I do understand that.
But it's a pity for the developer (aka 'me') to see that his tool is not used just because 'it doesn't work'. :-)
It's hard to debug without the context. what is exactly your command line please ?
i see:) honestly i repeated exactly what you wrote. except, first i ran awk command (i checked the resulting file, and DP appeared there. only: i do not understand why do I need incorporate DP in the header if I want to use AD anyway?). then I set this awk-mdified file as the input for vcffilterjdk:
vcffilterjdk awk.test -e 'List<Genotype> gl = variant.getGenotypes().stream().map(G->{int ad[]=G.getAD();if(ad==null || ad.length==0) return G; int c= Arrays.stream(ad).sum(); return new GenotypeBuilder(G).DP(c).make();}).collect(Collectors.toList());return new VariantContextBuilder(variant).genotypes(gl).make();'
I also tried to use -f instead -e; the error was:
[SEVERE][VcfFilterJdk]List<Genotype> (No such file or directory)
java.io.FileNotFoundException: List<Genotype> (No such file or directory)
at java.io.FileInputStream.open0(Native Method)
at java.io.FileInputStream.open(FileInputStream.java:195)
at java.io.FileInputStream.<init>(FileInputStream.java:138)
at htsjdk.samtools.util.IOUtil.slurp(IOUtil.java:999)
at com.github.lindenb.jvarkit.tools.vcffilterjs.VcfFilterJdk$CtxWriterFactory.initialize(VcfFilterJdk.java:436)
at com.github.lindenb.jvarkit.tools.vcffilterjs.VcfFilterJdk.doWork(VcfFilterJdk.java:593)
at com.github.lindenb.jvarkit.util.jcommander.Launcher.instanceMain(Launcher.java:1183)
at com.github.lindenb.jvarkit.util.jcommander.Launcher.instanceMainWithExit(Launcher.java:1341)
at com.github.lindenb.jvarkit.tools.vcffilterjs.VcfFilterJdk.main(VcfFilterJdk.java:612)
[SEVERE][VcfFilterJdk]Cannot initialize
[INFO][Launcher]vcffilterjdk Exited with failure (-1)
(in case, i tried to pipe awk into vcffilterjdk, as you have shown - didnt help)
I hope it gives some useful info
why do I need incorporate DP in the header if I want to use AD anyway?
because my script produces a new attribute DP and it must be declared in the VCF header if it wasn't declared before.

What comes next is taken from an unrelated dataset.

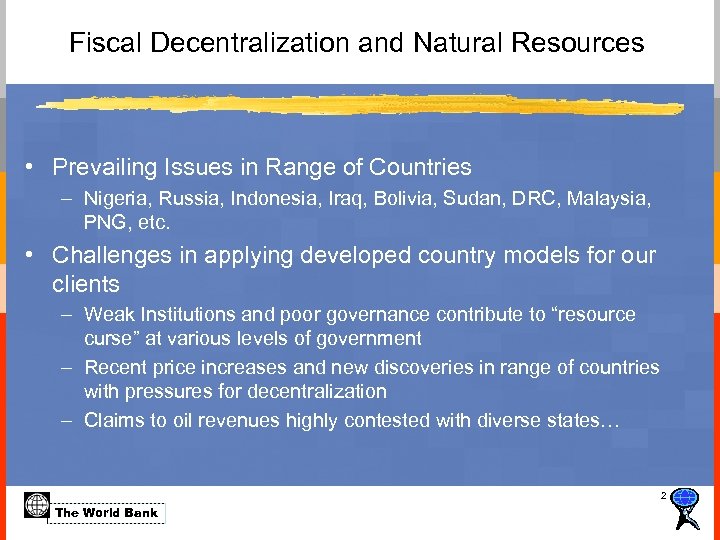Fiscal Decentralization and Natural Resources • Prevailing Issues in Range of Countries – Nigeria,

new GenotypeBuilder(G).DP(c).make()
you say
vcffilterjdk awk.test -e '...'
it should be something like
java -jar dist/vcffilterjdk.jar -e '...' file.vcf
its a "wrapper", as our IT guy likes to use short words:) so, "java -jar ..." is included in "vcffilterjdk"
but I never use it and your messages show me that there is an error in the script (thanks for pointing this out!) the script ends with
$*
while I think I should I written it as (with double quotes)
"$@"
you mean that you want to correct the script?
I've just fixed this https://github.com/lindenb/jvarkit/commit/7f811475a7648d24289702f49d53c89fb53761c9#diff-b67911656ef5d18c4ae36cb6741b7965R133
but anyway, I've never said you should use this wrapper, use the java -jar ...
syntax please.
now it worked:) as I understand the script summated AD for ref and alt and wrote it into DP parameter. but now i try to use vcftools to extract this DP (for example, --depth or --geno-depth) and it reports on 'missing entries'. and i still cannot use gatk, i think, as i have only vcf files, no fasta or bam
is there something that can be done here?:)
I'm glad it's working now !
the script summated AD for ref and alt and wrote it into DP parameter. but now i try to use vcftools to extract this DP (for example)
piping my example into 'bcftools view' produces no error on my side
you can use another program bioalcidaejdk similar to vcffilterjdk:
java -jar dist/bioalcidaejdk.jar -e 'stream().forEach(V->{V.getGenotypes().stream().forEach(G->{println(V.getContig()+"\t"+V.getStart()+"\t"+G.getSampleName()+"\t"+G.getAlleles()+"\t"+G.getDP());});});' input.vcf
but also: can I extract exactly AD values, not only DP?? I want to know how many reads contain ref and how many contain alt nucleotides.